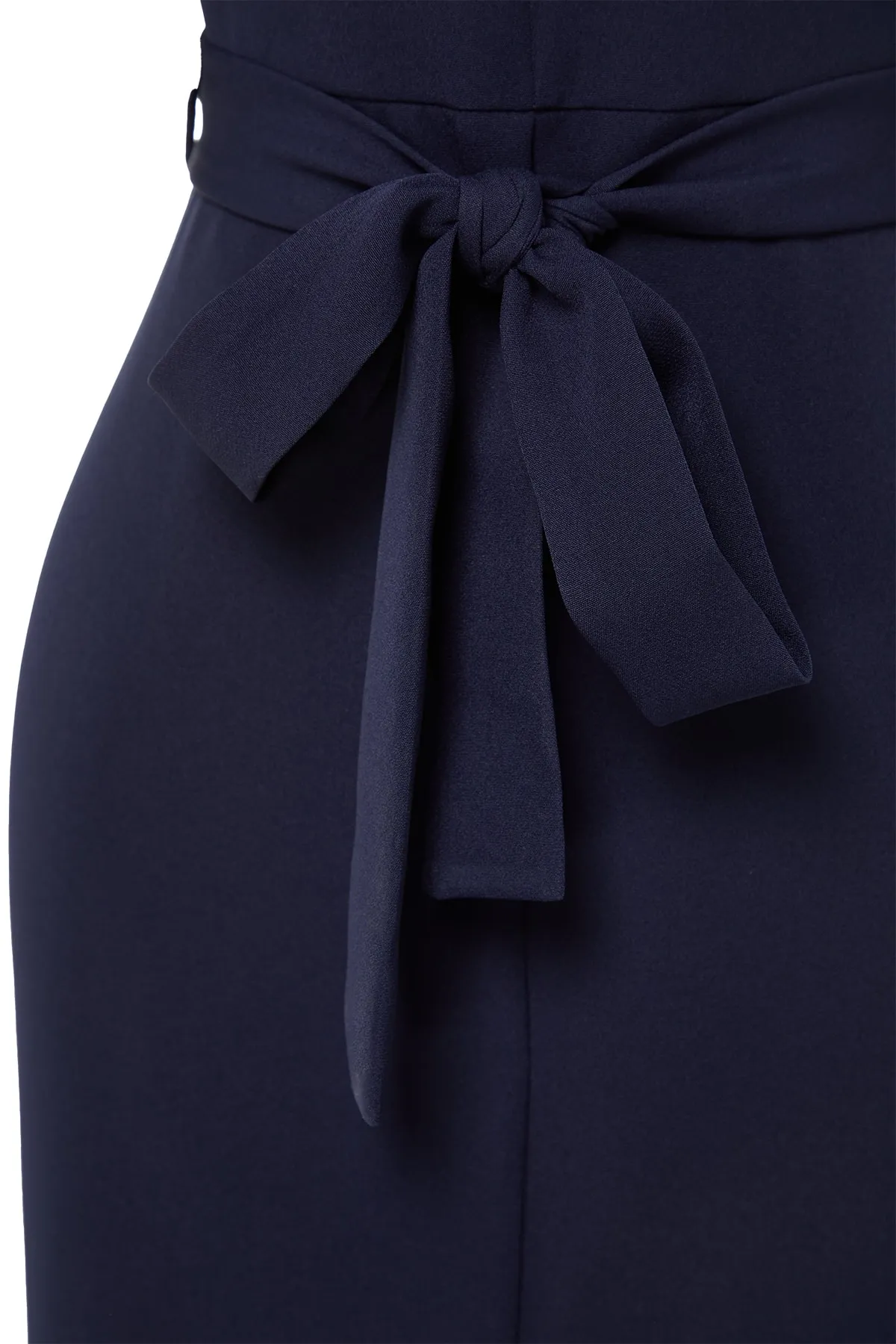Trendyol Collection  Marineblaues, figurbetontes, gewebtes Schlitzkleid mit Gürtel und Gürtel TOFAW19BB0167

---

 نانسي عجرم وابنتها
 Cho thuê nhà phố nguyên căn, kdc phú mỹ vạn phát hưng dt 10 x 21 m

--

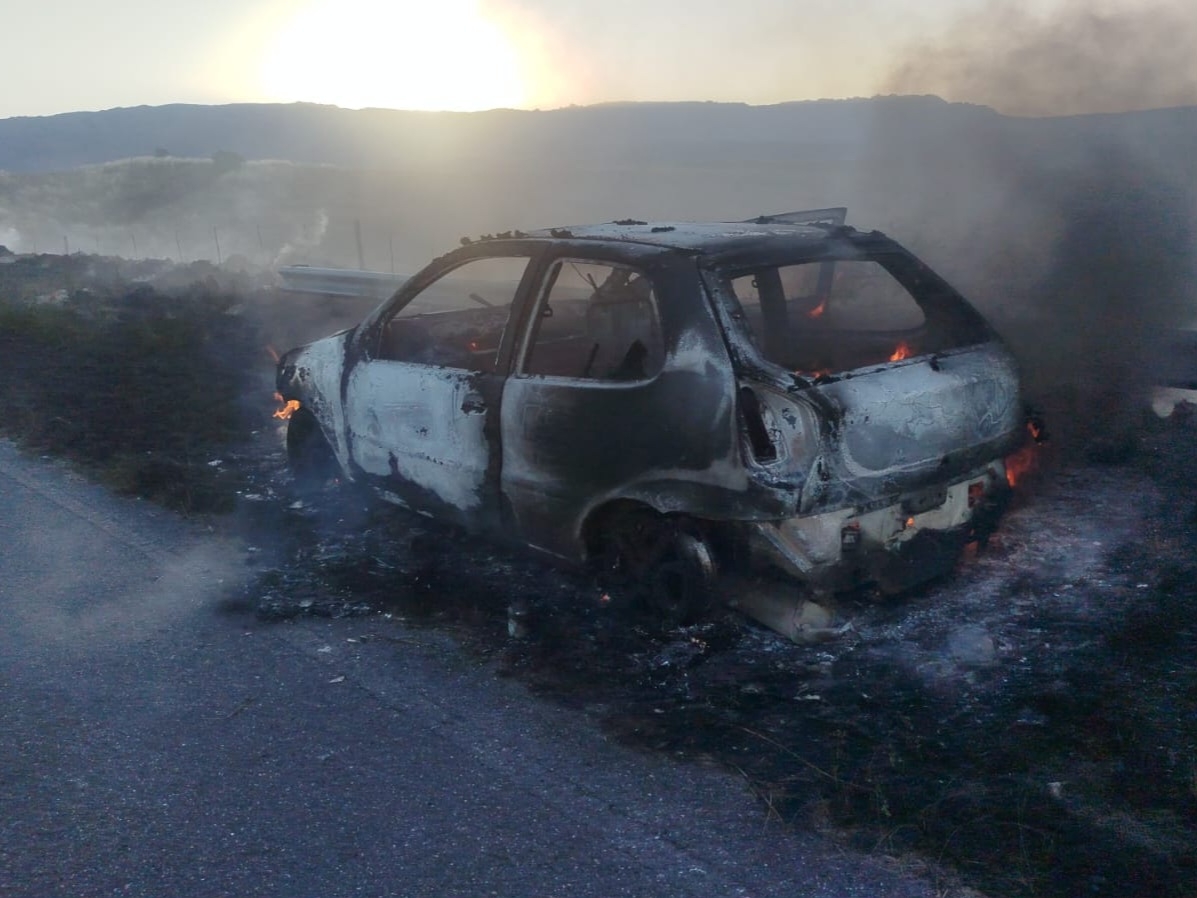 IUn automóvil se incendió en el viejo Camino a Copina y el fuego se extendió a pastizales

● Task
Beginning with the line containing "نانسي عجرم وابنتها" in the material above, copy every line exactly until you have copied the line containing "Cho thuê nhà".

● Reply
 نانسي عجرم وابنتها
 Cho thuê nhà phố nguyên căn, kdc phú mỹ vạn phát hưng dt 10 x 21 m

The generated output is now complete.